### RECORDS FOR THE TASK

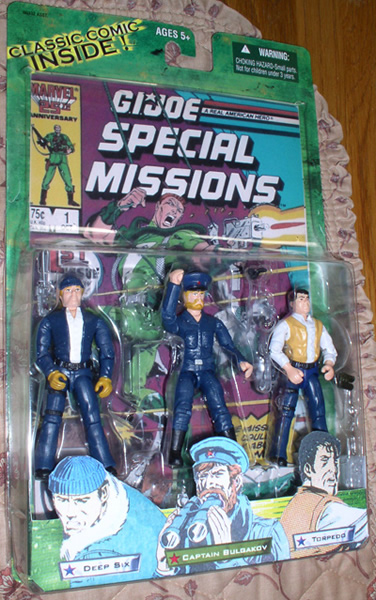 Special Missions #1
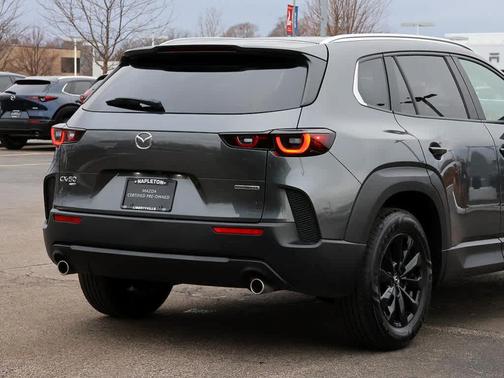 2025 Mazda CX-50 2.5 S Preferred Package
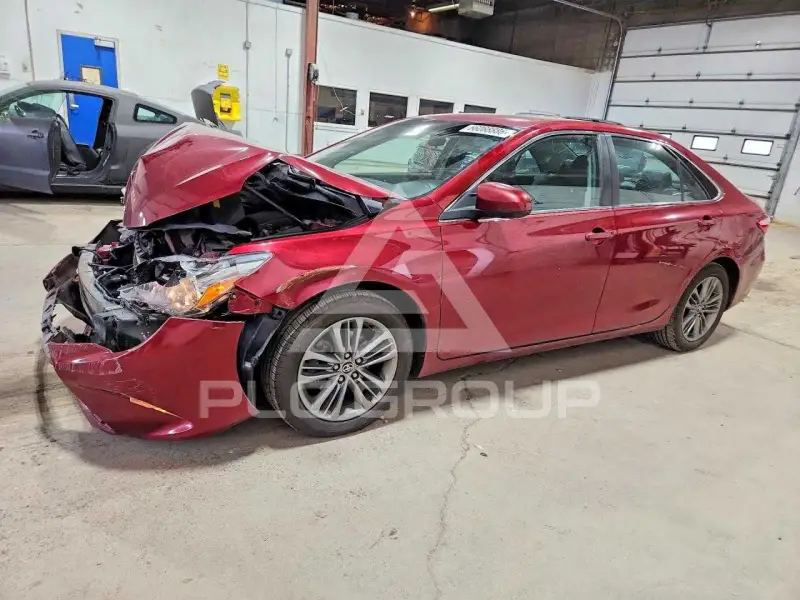 2015 Toyota CAMRY фото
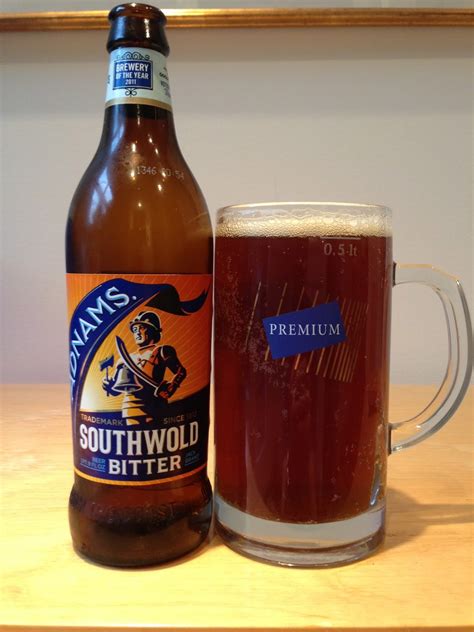 The Best Beer Blog Adnams Southwold Bitter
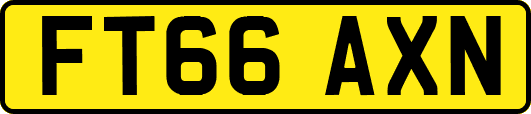FT66AXN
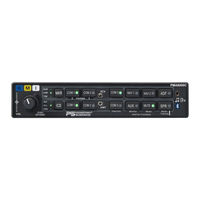 PS Engineering PMA8000C Installation And Operator's Manual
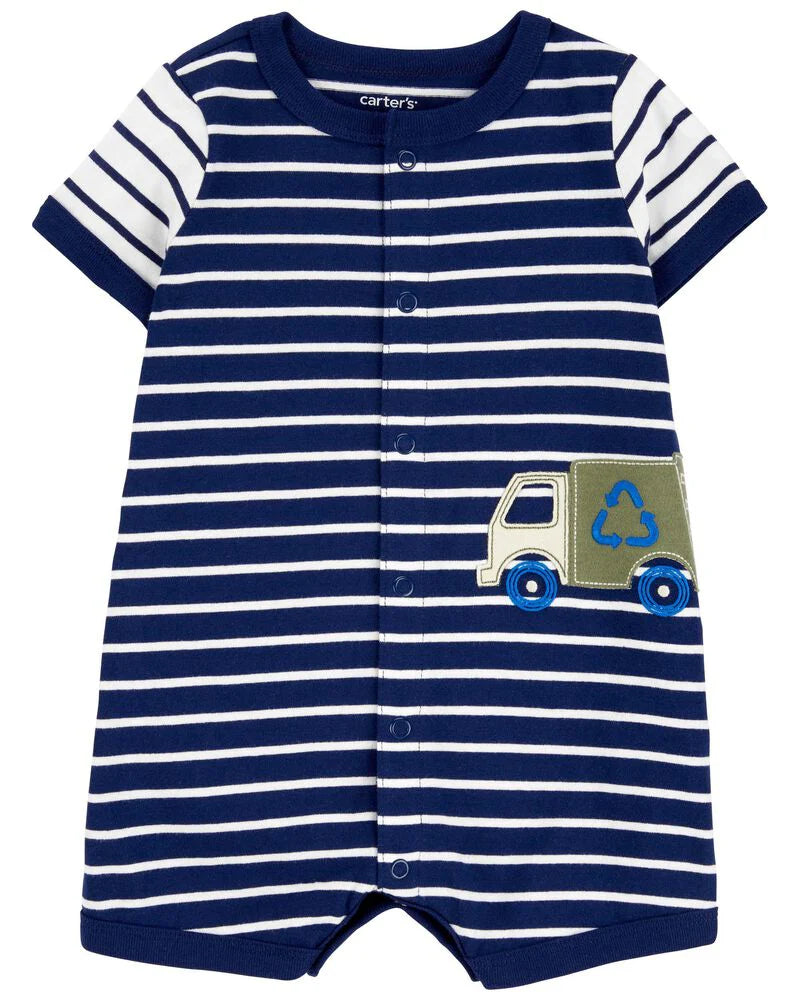 Carter's Recycle Snap-Up Romper
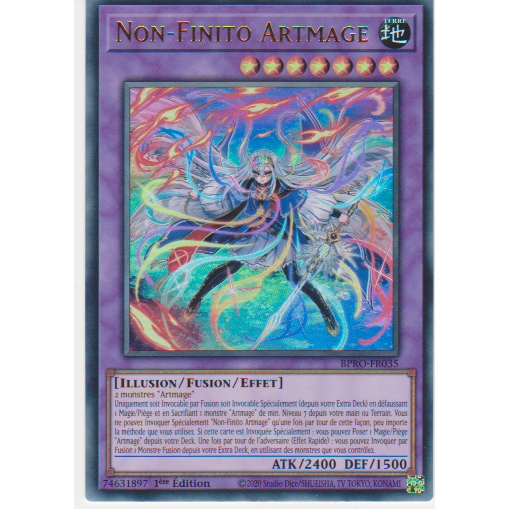 BPRO Non-Finito Artmage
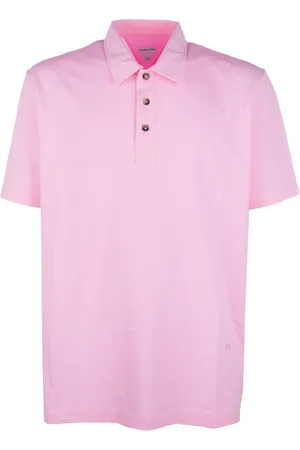 Bottega Veneta Uomo, Top, Rosa, XL, new
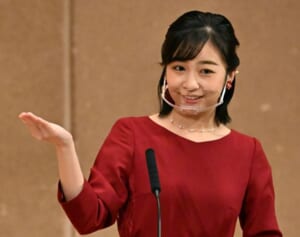 佳子さま　全日本ろうあ連盟に就職から2年…ご出勤状況について宮内庁の“答え”は？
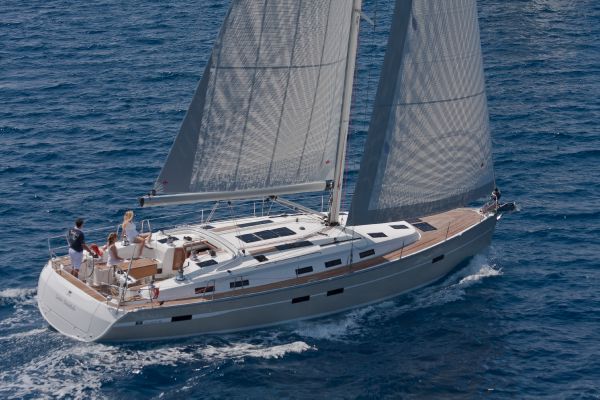 Bavaria 50 Cruiser Stern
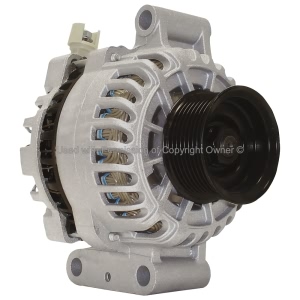 Quality-Built Alternator Remanufactured for 2001 Ford F-350 Super Duty - 7798810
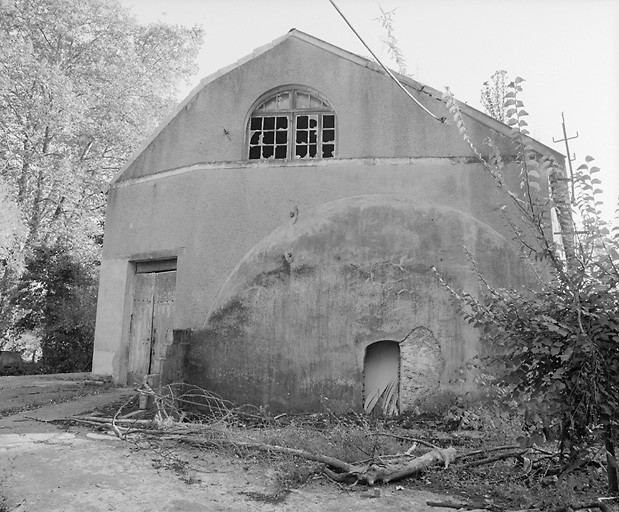 L'emplacement de la 2e roue.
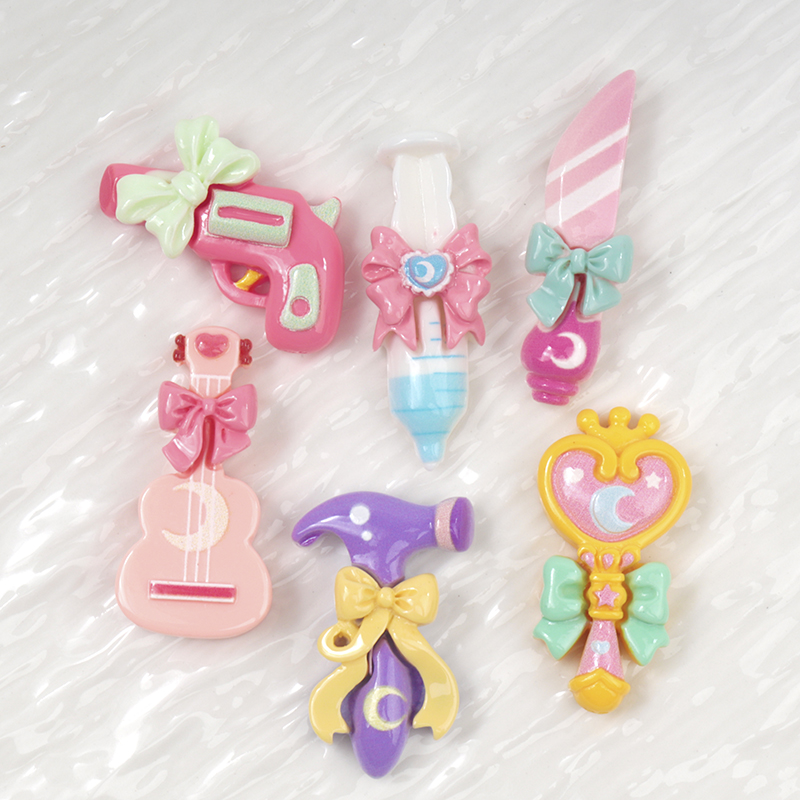 10/100PCS Resin Accessories Gi – Phone Accessories For 11 Year Old Girl Bewertung und Preis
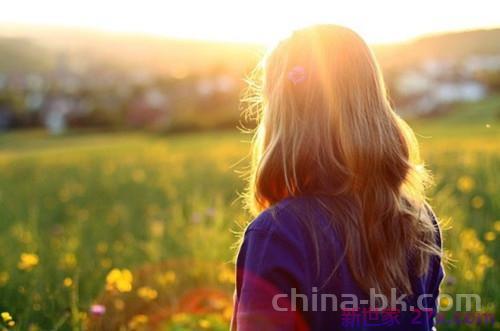 对女朋友说的甜甜的话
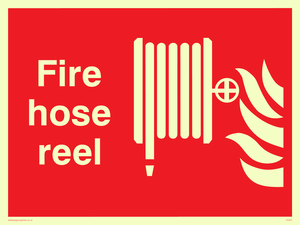 FV347: fire hose reel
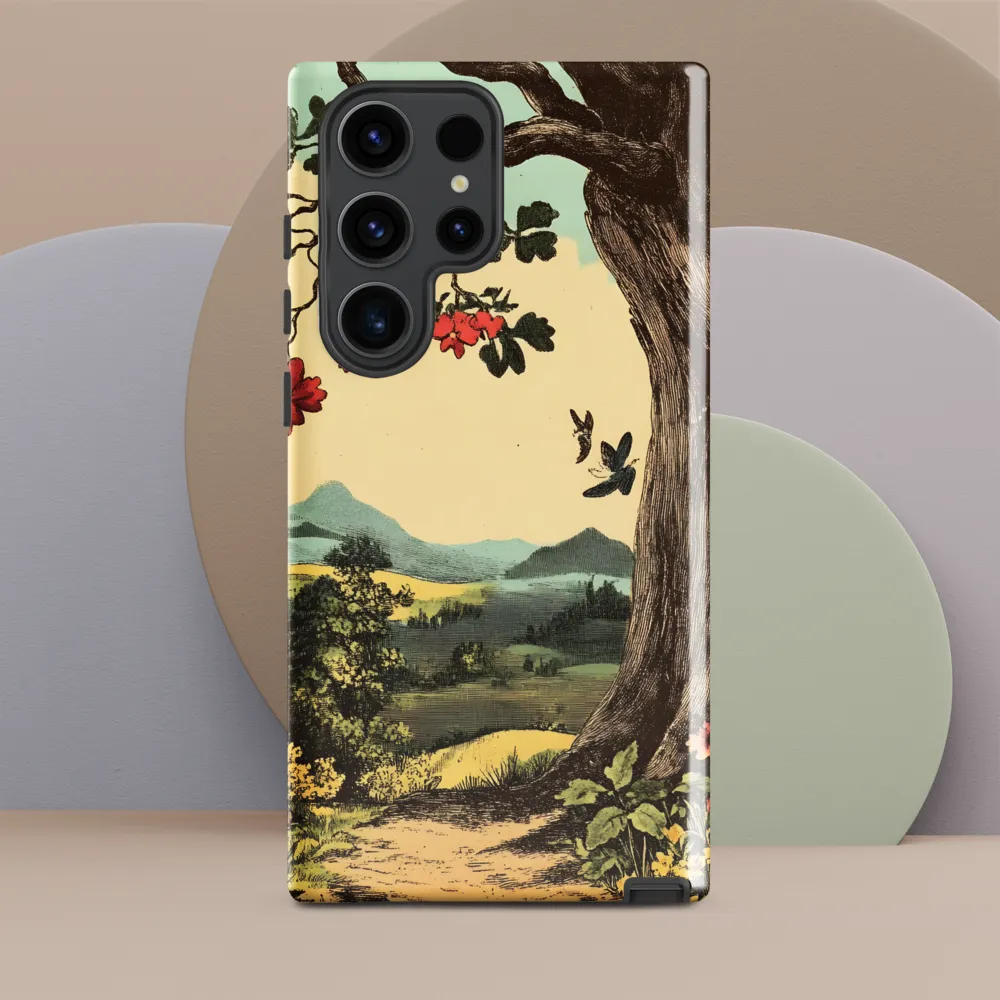 Whispers of a Vintage Landscape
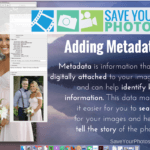 Save Your Photos: Adding Metadata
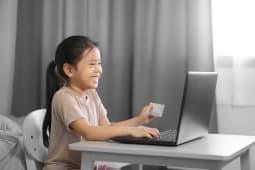 carte bancaire enfant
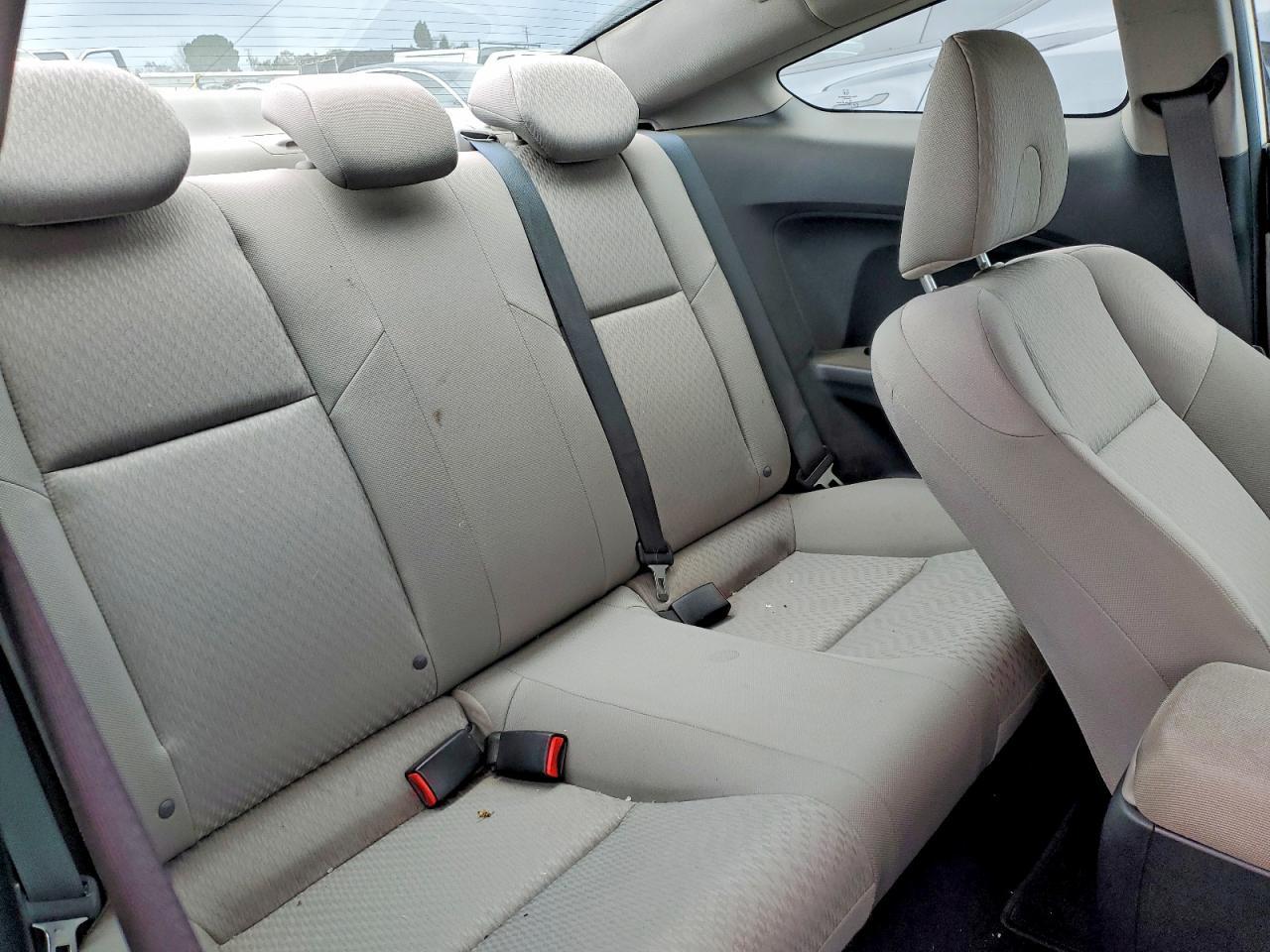 2014 Honda Civic Lx - zdjęcie 10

### PROBLEM DESCRIPTION
Your reply should contain only an exact copy of the lines from the beginning of the material through the line with "Bavaria 50 Cruiser Stern", both ends included, with the pictures removed.

### WRITTEN RESPONSE
 Special Missions #1
 2025 Mazda CX-50 2.5 S Preferred Package
 2015 Toyota CAMRY фото
 The Best Beer Blog Adnams Southwold Bitter
FT66AXN
 PS Engineering PMA8000C Installation And Operator's Manual
 Carter's Recycle Snap-Up Romper
 BPRO Non-Finito Artmage
 Bottega Veneta Uomo, Top, Rosa, XL, new
 佳子さま　全日本ろうあ連盟に就職から2年…ご出勤状況について宮内庁の“答え”は？
 Bavaria 50 Cruiser Stern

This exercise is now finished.